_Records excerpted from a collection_
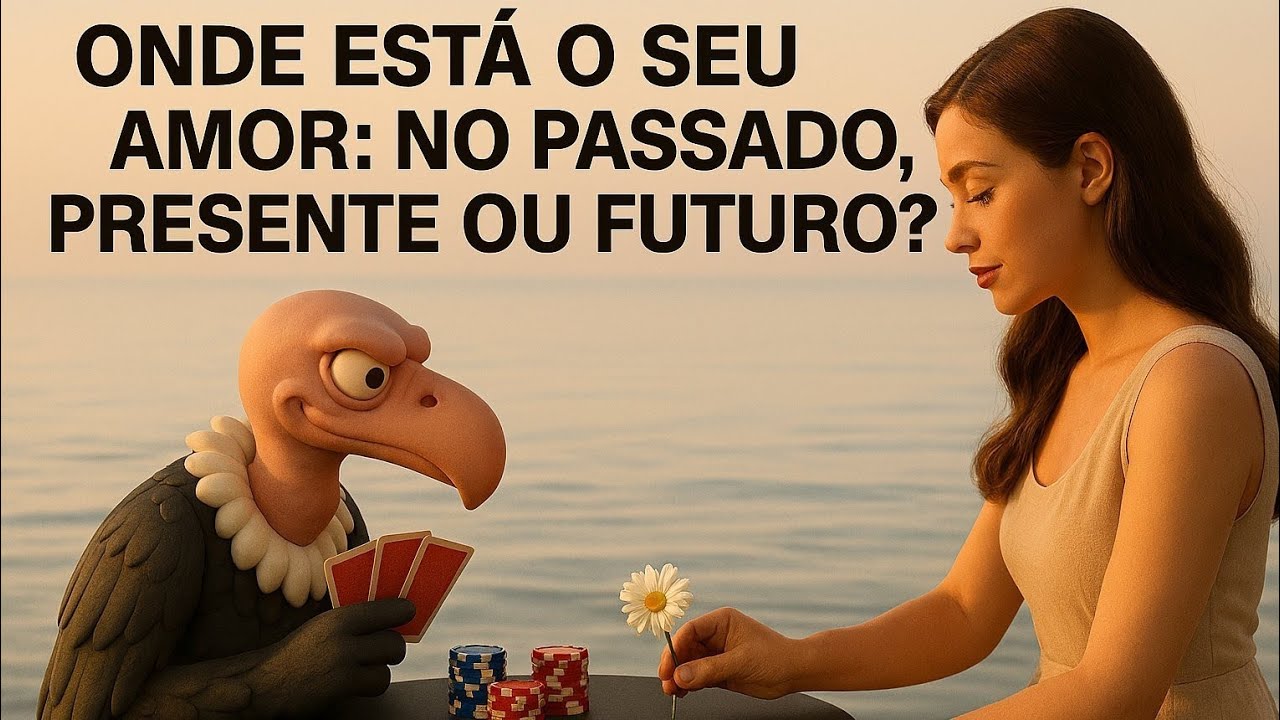 ONDE EST&Aacute;  A PESSOA DO SEU CAMINHO?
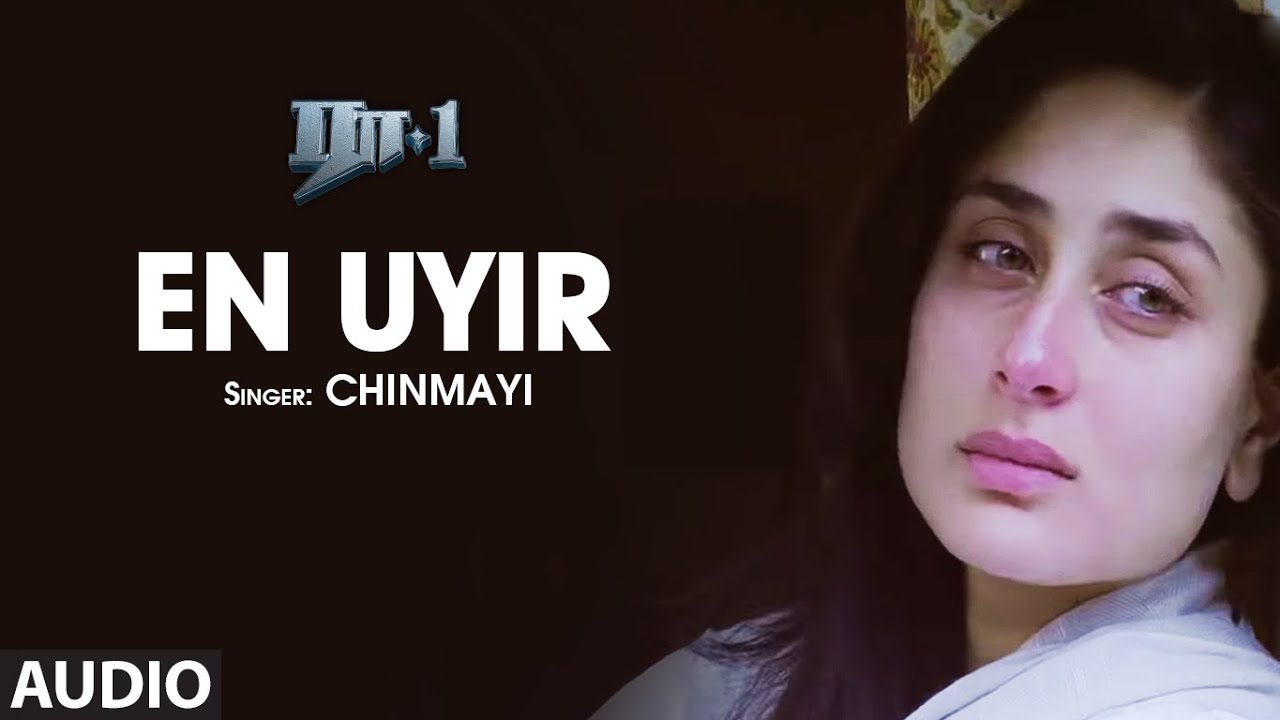 En Uyir Full Audio Song   Tamil Ra One Movie  Shahrukh Khan Kareena Kapoor  Vishal Shekhar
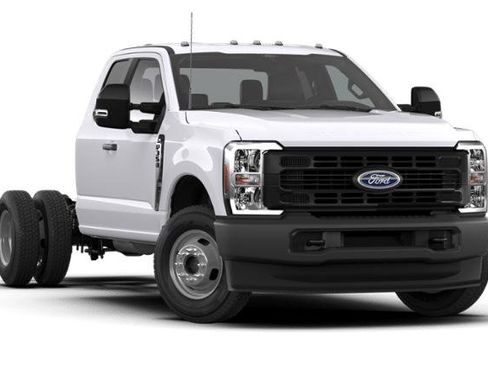 New 2026 Ford F350 XL w/ Snow Plow Prep Package AWD/4WD image 26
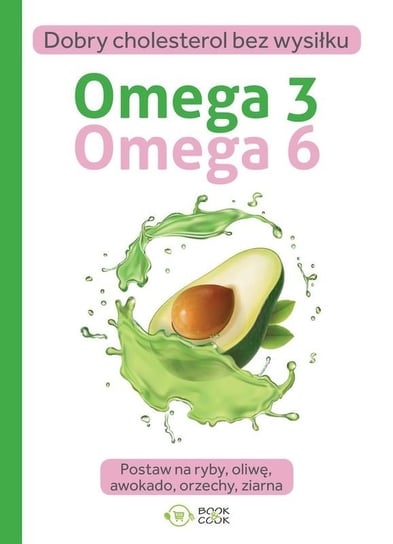 Omega 3 Omega 6 Opracowanie zbiorowe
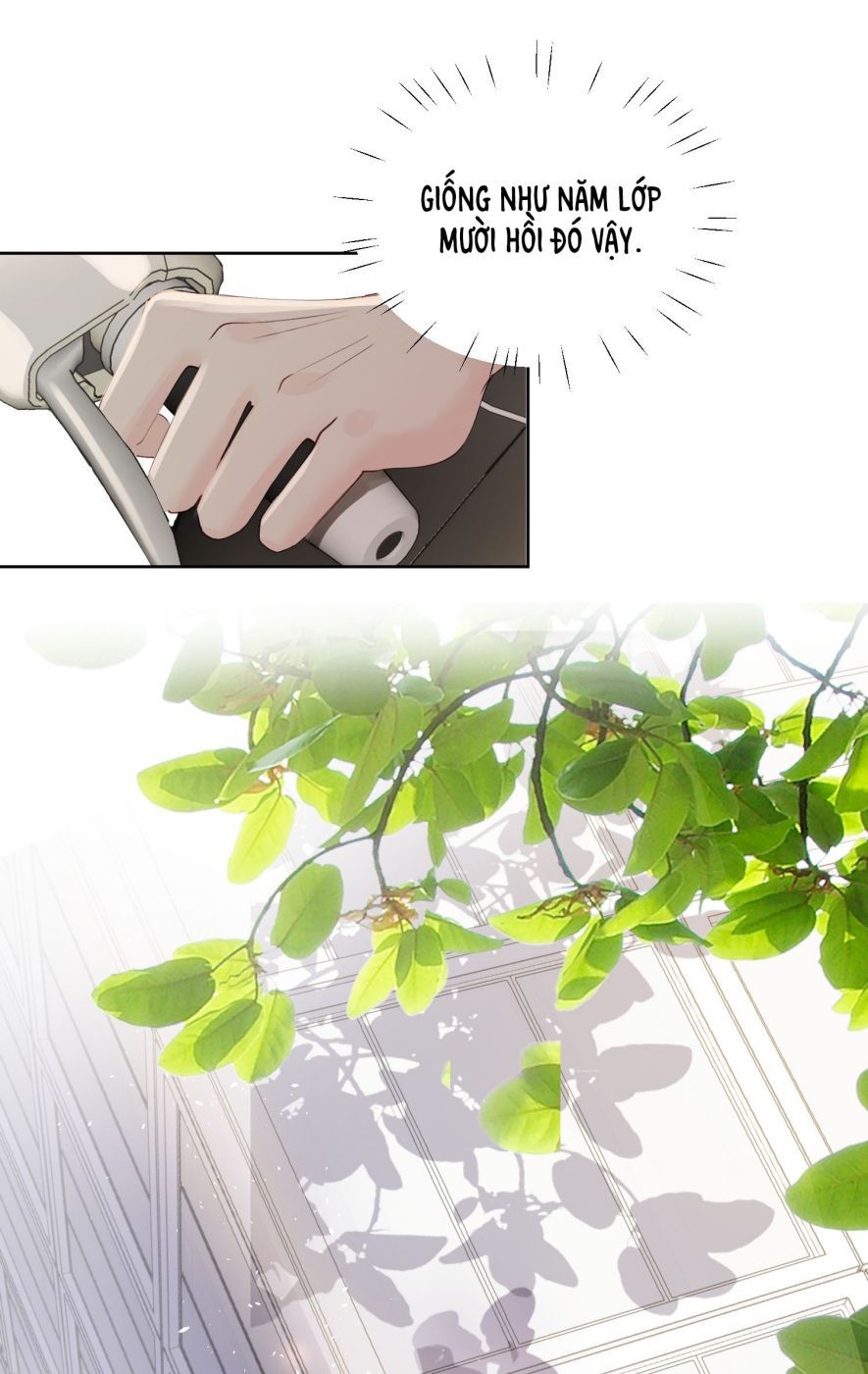 Tôi Bảo Bạn Cùng Bàn Đánh Cậu: Chapter 31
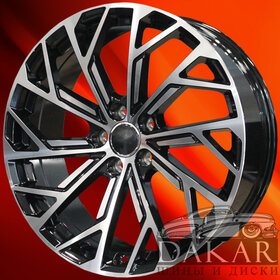 DWS AU-960 8.5j-19 5x112 35 66.6 BM Литые диски DWS AU-960 8.5j-19 5x112 35 66.6 BM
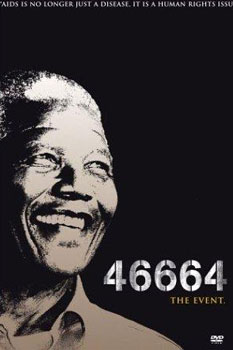 Nelson Mandela fue el prisionero Nº 46664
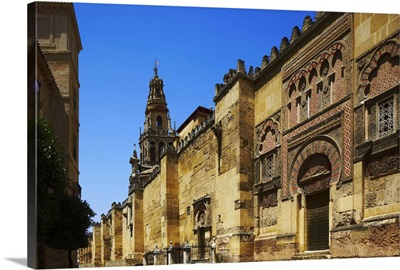 Spain, Andalusia, Mediterranean area, Cordoba, La Mezquita Cathedral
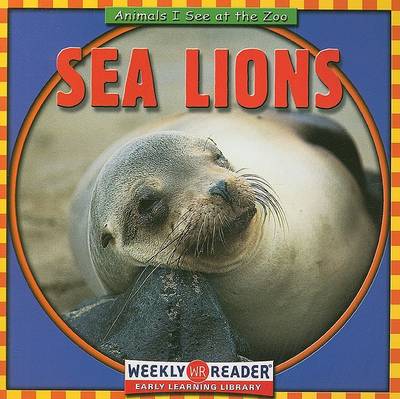 Cover of Sea Lions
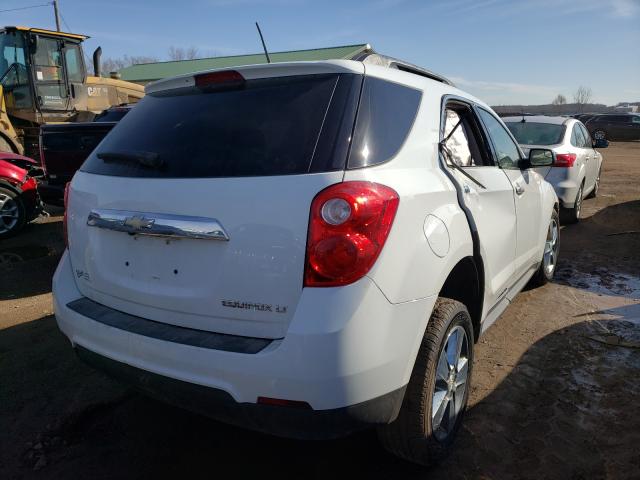 Photo 3 VIN: 1GNALBEKXEZ116172 - CHEVROLET EQUINOX LT 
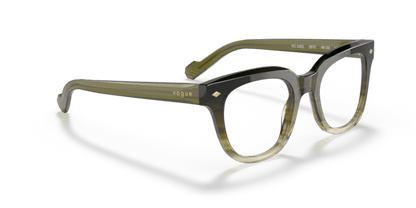 Vogue 0VO5402 Gradient Green 8056597520867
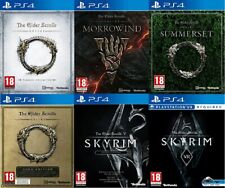 PS4 & PS5  Elder Scrolls v Skyrim Bundle Same Day Dispatch 1st Class Delivery  myynnissä  Leverans till Finland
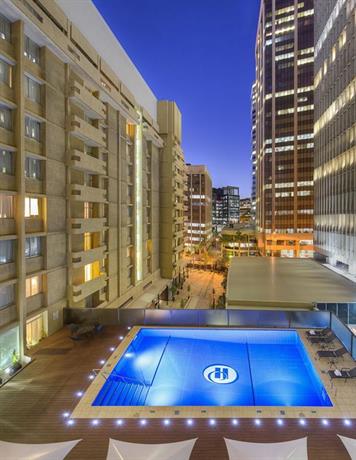 Parmelia Hilton Perth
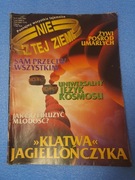 "NIE Z TEJ ZIEMI" czasopismo nr 5 maj 1991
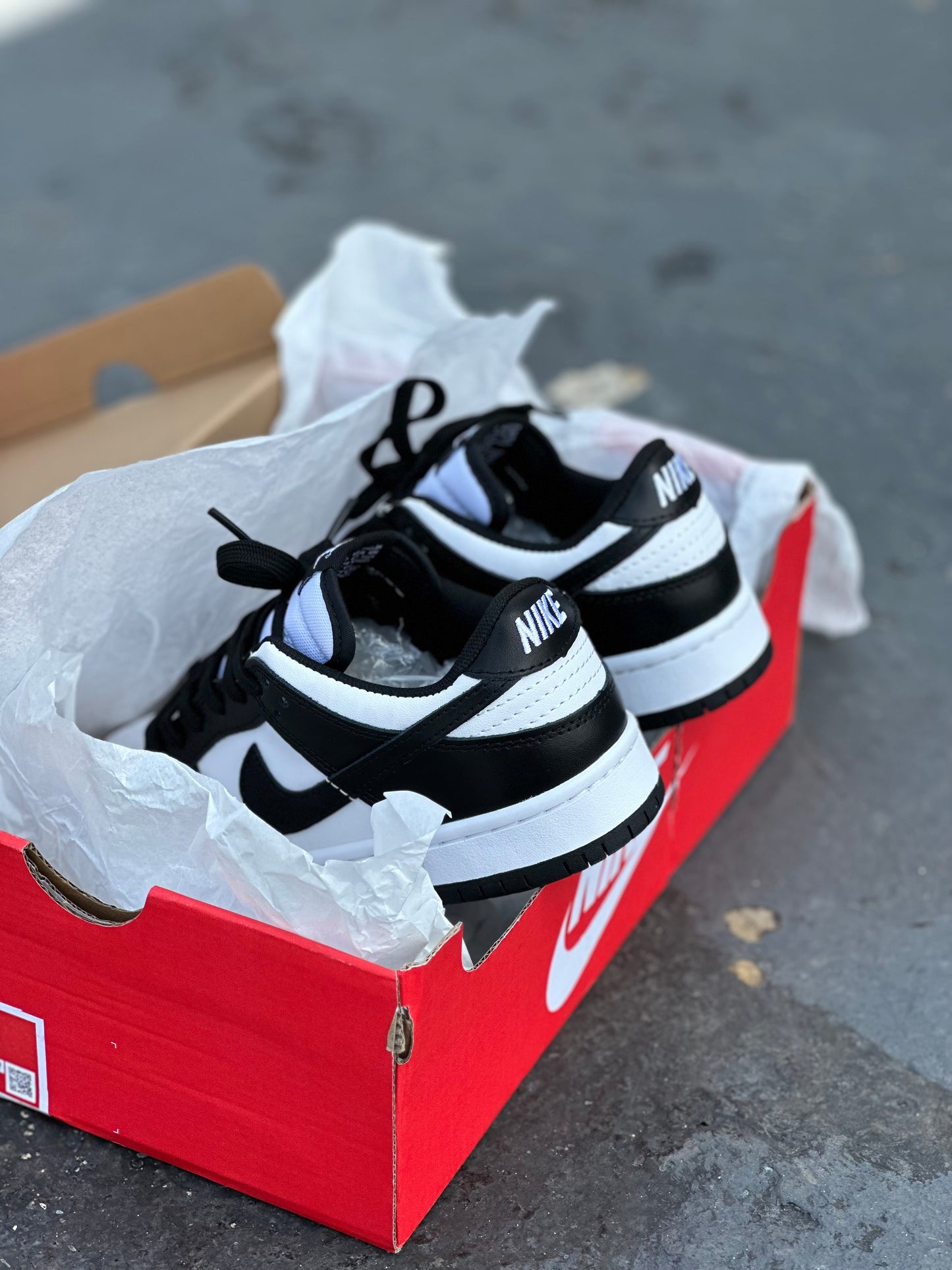 Nike SB Panda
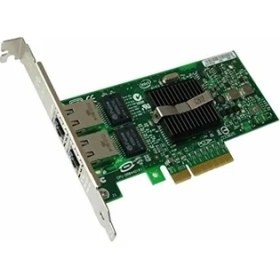 Resim Intel Pro 1000 PCI Express Pt Dual Port Gigabit Server Ethernet Kart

_Exercise objective_
Please reproduce every entry above exactly, but leave out the pictures.

_Answer_
 ONDE EST&Aacute;  A PESSOA DO SEU CAMINHO?
 En Uyir Full Audio Song   Tamil Ra One Movie  Shahrukh Khan Kareena Kapoor  Vishal Shekhar
 New 2026 Ford F350 XL w/ Snow Plow Prep Package AWD/4WD image 26
 Omega 3 Omega 6 Opracowanie zbiorowe
 Tôi Bảo Bạn Cùng Bàn Đánh Cậu: Chapter 31
 DWS AU-960 8.5j-19 5x112 35 66.6 BM Литые диски DWS AU-960 8.5j-19 5x112 35 66.6 BM
 Nelson Mandela fue el prisionero Nº 46664
 Spain, Andalusia, Mediterranean area, Cordoba, La Mezquita Cathedral
 Cover of Sea Lions
 Photo 3 VIN: 1GNALBEKXEZ116172 - CHEVROLET EQUINOX LT 
 Vogue 0VO5402 Gradient Green 8056597520867
 PS4 & PS5  Elder Scrolls v Skyrim Bundle Same Day Dispatch 1st Class Delivery  myynnissä  Leverans till Finland
 Parmelia Hilton Perth
 "NIE Z TEJ ZIEMI" czasopismo nr 5 maj 1991
 Nike SB Panda
 Resim Intel Pro 1000 PCI Express Pt Dual Port Gigabit Server Ethernet Kart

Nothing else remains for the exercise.